> [SOURCE INFORMATION]:
--

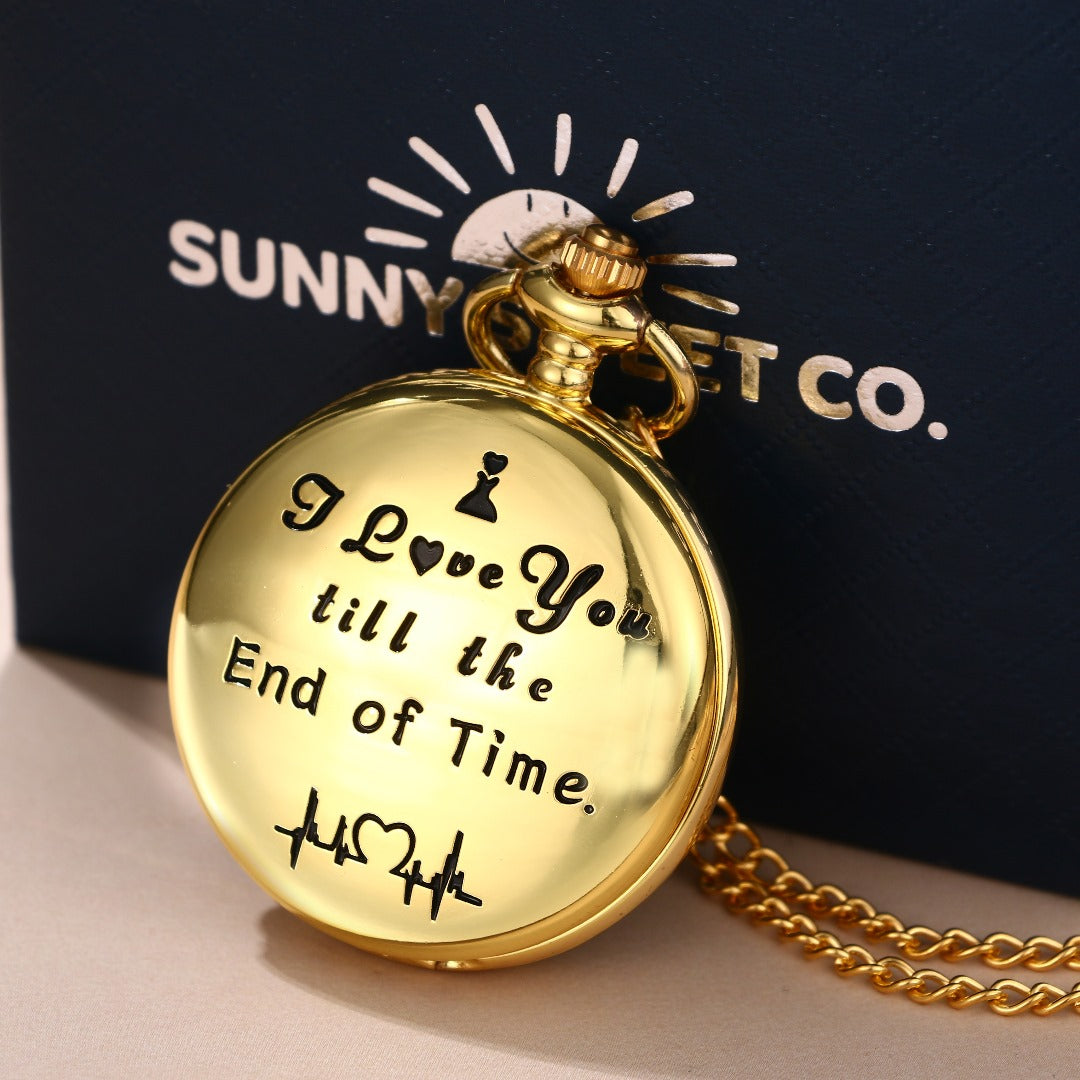 I Love You Luxury Vintage Pocket Watch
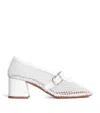 Alaïa 55mm Fishnet Ballerina Pumps In White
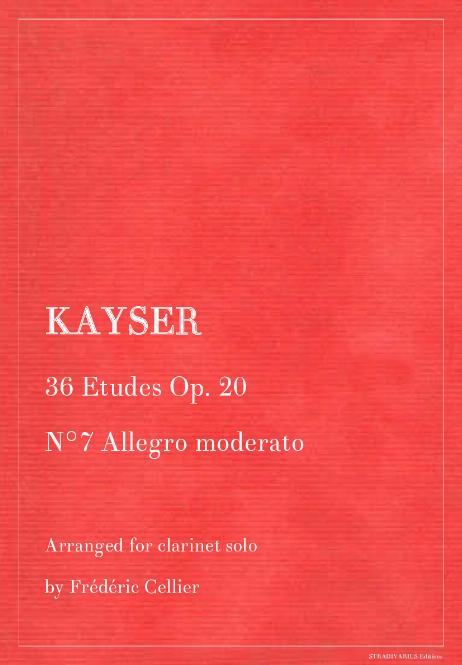 KAYSER Heinrich Ernst - 36 Etudes Op. 20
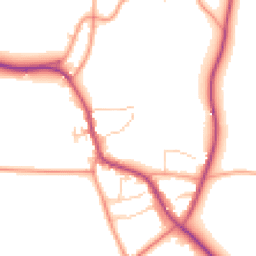 Daytime road noise heatmap for OX7 4LU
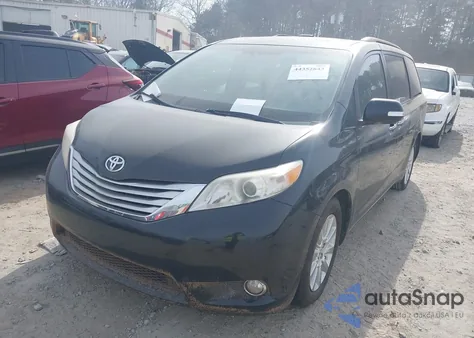 2013 Toyota Sienna Limited 7 Passenger from USA, damaged, VIN 5TDDK3DC5DS068606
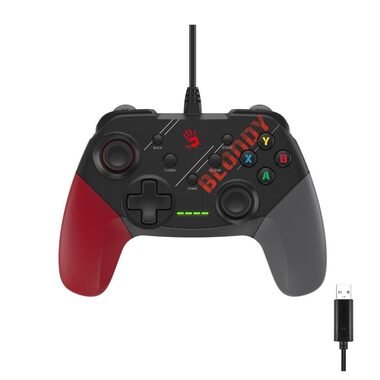 A4Tech Bloody GP30 schwarz / Gamepad / PS3 / PC / Android / Switch / USB-A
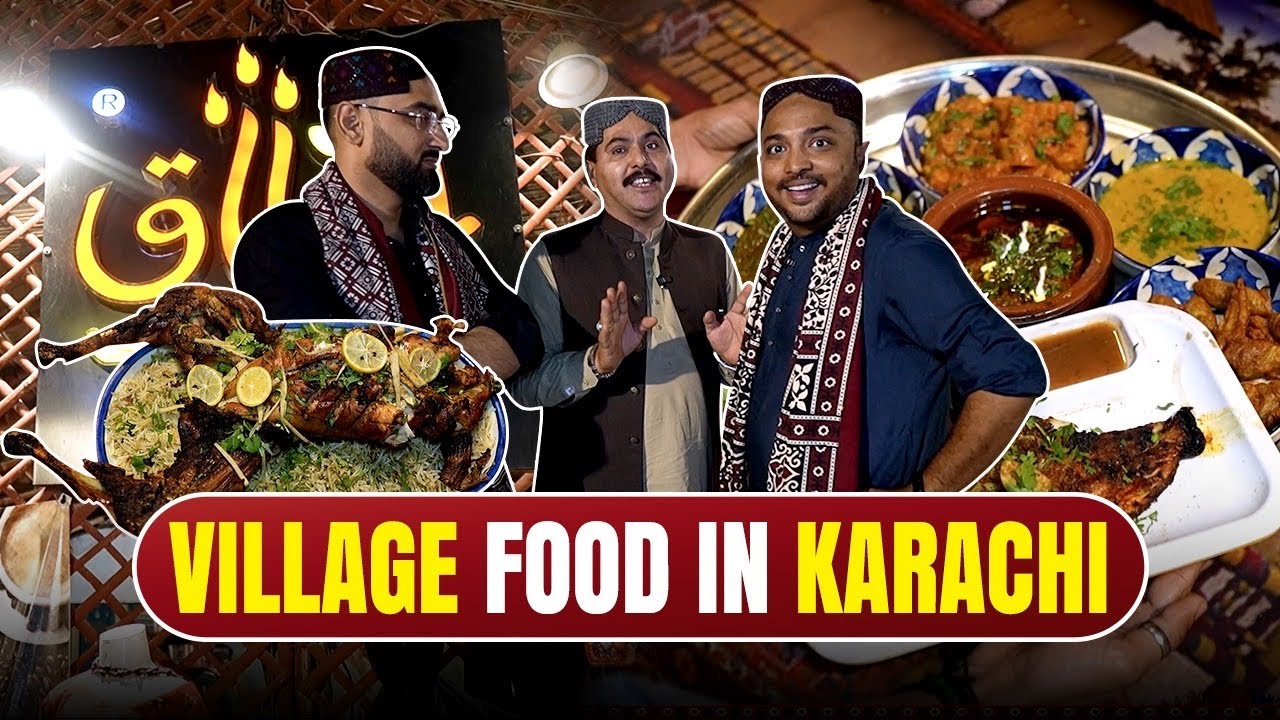 Village Food First Time in Karachi | Autaaq Restaurant | Sindhi Food Restaurant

--

> [INSTRUCTIONS FOR THE TASK]:
Pictures excluded, output exactly the line that contains "Alaïa 55mm Fishnet Ballerina Pumps In White" and every line after it to the end of the data above.

> [OUTPUT FOR THIS EXERCISE]:
 Alaïa 55mm Fishnet Ballerina Pumps In White
 KAYSER Heinrich Ernst - 36 Etudes Op. 20
 Daytime road noise heatmap for OX7 4LU
 2013 Toyota Sienna Limited 7 Passenger from USA, damaged, VIN 5TDDK3DC5DS068606
 A4Tech Bloody GP30 schwarz / Gamepad / PS3 / PC / Android / Switch / USB-A
 Village Food First Time in Karachi | Autaaq Restaurant | Sindhi Food Restaurant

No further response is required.